Hi Kendall,
Following up, the solution below (stripping the namespaces) worked well on the toy example I shared, but it does not scale well with the size of the database. I needed up getting the following
Error: Out of Main Memory.
This is despite providing BaseX with 8 GB of memory (BASEX_JVM="-Xmx8g $BASEX_JVM”). The issue is due to the large size of the XML file that was loaded into the database (see below).

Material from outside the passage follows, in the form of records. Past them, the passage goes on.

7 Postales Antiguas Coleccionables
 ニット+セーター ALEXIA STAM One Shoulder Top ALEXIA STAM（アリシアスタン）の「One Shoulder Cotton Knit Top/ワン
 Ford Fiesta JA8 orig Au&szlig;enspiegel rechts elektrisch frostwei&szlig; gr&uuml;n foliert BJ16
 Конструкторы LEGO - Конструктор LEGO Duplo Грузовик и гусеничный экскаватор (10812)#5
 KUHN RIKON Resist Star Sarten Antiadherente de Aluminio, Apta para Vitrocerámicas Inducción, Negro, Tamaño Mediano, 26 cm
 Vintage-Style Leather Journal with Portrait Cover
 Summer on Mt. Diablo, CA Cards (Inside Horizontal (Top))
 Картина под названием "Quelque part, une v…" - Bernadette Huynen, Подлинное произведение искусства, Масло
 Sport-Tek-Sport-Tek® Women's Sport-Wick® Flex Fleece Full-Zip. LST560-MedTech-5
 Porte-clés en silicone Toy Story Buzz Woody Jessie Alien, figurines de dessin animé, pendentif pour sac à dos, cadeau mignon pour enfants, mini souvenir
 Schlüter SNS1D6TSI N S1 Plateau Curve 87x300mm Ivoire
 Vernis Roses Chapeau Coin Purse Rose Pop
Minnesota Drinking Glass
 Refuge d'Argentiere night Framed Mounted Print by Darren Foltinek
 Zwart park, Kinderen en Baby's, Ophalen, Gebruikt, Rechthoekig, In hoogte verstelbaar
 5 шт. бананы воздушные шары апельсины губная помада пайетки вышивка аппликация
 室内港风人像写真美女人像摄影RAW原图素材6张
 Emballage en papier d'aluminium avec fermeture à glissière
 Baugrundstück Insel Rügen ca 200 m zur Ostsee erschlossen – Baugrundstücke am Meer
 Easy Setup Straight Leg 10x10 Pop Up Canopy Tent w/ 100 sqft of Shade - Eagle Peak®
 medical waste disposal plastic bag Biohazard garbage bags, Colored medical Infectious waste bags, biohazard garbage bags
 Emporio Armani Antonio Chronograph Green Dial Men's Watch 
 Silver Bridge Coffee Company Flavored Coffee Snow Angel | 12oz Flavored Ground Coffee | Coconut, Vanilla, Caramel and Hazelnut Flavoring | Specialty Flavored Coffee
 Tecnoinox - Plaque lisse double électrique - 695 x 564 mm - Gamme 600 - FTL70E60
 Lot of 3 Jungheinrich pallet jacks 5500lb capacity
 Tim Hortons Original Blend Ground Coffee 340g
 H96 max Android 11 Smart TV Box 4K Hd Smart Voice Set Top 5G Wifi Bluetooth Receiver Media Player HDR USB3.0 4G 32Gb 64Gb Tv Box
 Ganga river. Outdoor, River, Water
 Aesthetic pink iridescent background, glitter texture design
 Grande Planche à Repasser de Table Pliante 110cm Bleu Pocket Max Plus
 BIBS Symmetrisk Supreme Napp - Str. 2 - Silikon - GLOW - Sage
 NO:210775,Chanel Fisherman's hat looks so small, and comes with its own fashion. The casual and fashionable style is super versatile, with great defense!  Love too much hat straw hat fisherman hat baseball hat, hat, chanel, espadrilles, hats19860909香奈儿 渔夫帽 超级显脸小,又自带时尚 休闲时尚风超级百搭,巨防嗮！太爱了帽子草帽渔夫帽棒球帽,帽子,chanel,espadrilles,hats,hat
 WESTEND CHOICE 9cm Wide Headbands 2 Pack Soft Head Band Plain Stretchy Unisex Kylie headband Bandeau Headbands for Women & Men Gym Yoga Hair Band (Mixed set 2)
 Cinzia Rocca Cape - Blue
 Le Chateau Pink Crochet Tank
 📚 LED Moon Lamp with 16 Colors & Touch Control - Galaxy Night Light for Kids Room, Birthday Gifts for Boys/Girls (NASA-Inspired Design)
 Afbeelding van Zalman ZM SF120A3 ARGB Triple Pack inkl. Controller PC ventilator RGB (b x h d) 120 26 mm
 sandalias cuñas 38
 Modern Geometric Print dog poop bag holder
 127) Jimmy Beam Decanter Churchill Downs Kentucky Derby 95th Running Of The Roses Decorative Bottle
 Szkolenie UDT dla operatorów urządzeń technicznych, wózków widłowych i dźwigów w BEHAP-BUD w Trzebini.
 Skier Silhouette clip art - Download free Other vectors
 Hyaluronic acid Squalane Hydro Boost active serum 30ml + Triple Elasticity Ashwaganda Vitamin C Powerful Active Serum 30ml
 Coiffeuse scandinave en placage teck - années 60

I can go with the default namespace declaration so no followup is needed, unless you are curious and have the time to investigate.
Best, Ron
Database Properties NAME: DrugBank SIZE: 3778 MB NODES: 96333486 DOCUMENTS: 1 BINARIES: 0 TIMESTAMP: 2017-09-01T14:57:50.000Z UPTODATE: true
Resource Properties INPUTPATH: /Volumes/Extra/Documents/Data Science/Data Sets/DrugBank/drugbank.xml INPUTSIZE: 3243 MB INPUTDATE: 2017-09-01T14:50:38.000Z
On September 1, 2017 at 5:29:06 PM, Ron Katriel (rkatriel@mdsol.com) wrote:
Hi Kendall,
Yes, your solution works too (see query below). Really appreciate your help!
Best, Ron
declare namespace e = "http://example.com";
declare function e:strip-namespaces($node as node()) as node() { typeswitch ($node) case $node as document-node() return document { $node/node()/e:strip-namespaces(.) } case $node as element() return element {local-name($node)} { $node/@*, $node/node()/e:strip-namespaces(.) } default return $node };
for $drug in e:strip-namespaces(db:open('DrugBankFail'))/drugbank/drug where not(empty($drug/atc-codes/atc-code)) return <drug> { <ATC5> { string-join(distinct-values($drug/name), ' | ') } </ATC5>, <ATC4> { string-join(distinct-values($drug/atc-codes/atc-code/level[string-length(@code) = 5]), ' | ') } </ATC4>, <ATC3> { string-join(distinct-values($drug/atc-codes/atc-code/level[string-length(@code) = 4]), ' | ') } </ATC3>, <ATC2> { string-join(distinct-values($drug/atc-codes/atc-code/level[string-length(@code) = 3]), ' | ') } </ATC2>, <ATC1> { string-join(distinct-values($drug/atc-codes/atc-code/level[string-length(@code) = 1]), ' | ') } </ATC1> } </drug>
On September 1, 2017 at 5:21:11 PM, Kendall Shaw (kendall.shaw@workday.com) wrote:
I think my mail client altered my post to move ‘.’ characters to the end of what it thinks is a sentence.
This:
e:strip-namespaces().
Is supposed to be this:
e:strip-namespaces(.)